Look over the lines below. Report each one that includes the string "with".
SOURCE MATERIAL below:
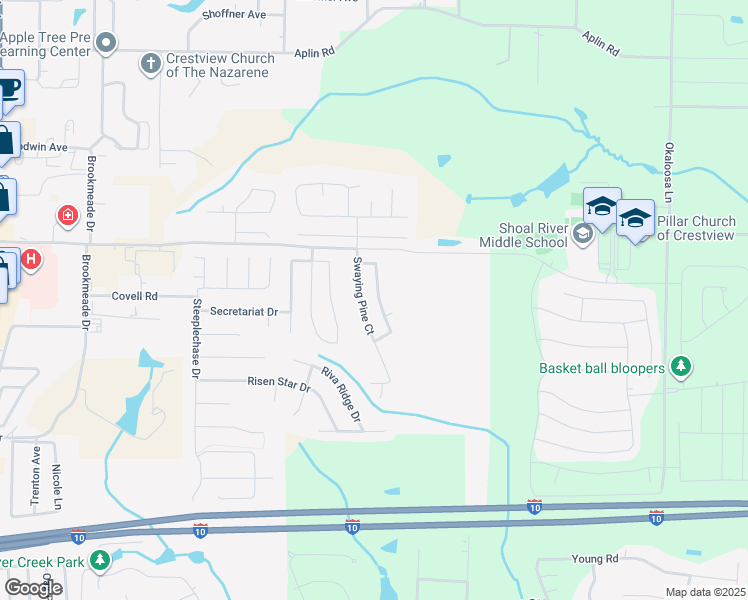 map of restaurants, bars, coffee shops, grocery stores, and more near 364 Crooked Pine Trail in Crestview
End of SOURCE MATERIAL.
SOURCE MATERIAL below:
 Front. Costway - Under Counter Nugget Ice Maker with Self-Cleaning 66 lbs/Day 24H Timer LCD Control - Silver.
End of SOURCE MATERIAL.
SOURCE MATERIAL below:
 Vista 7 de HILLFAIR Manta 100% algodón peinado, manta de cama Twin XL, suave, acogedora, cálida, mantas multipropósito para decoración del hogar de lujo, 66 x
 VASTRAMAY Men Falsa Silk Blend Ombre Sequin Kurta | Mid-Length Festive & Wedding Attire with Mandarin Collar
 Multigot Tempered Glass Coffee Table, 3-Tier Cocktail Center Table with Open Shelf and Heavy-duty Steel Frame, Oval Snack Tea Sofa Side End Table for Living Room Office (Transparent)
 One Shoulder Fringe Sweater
End of SOURCE MATERIAL.
*EXERCISE ANSWER*
 Front. Costway - Under Counter Nugget Ice Maker with Self-Cleaning 66 lbs/Day 24H Timer LCD Control - Silver.
 VASTRAMAY Men Falsa Silk Blend Ombre Sequin Kurta | Mid-Length Festive & Wedding Attire with Mandarin Collar
 Multigot Tempered Glass Coffee Table, 3-Tier Cocktail Center Table with Open Shelf and Heavy-duty Steel Frame, Oval Snack Tea Sofa Side End Table for Living Room Office (Transparent)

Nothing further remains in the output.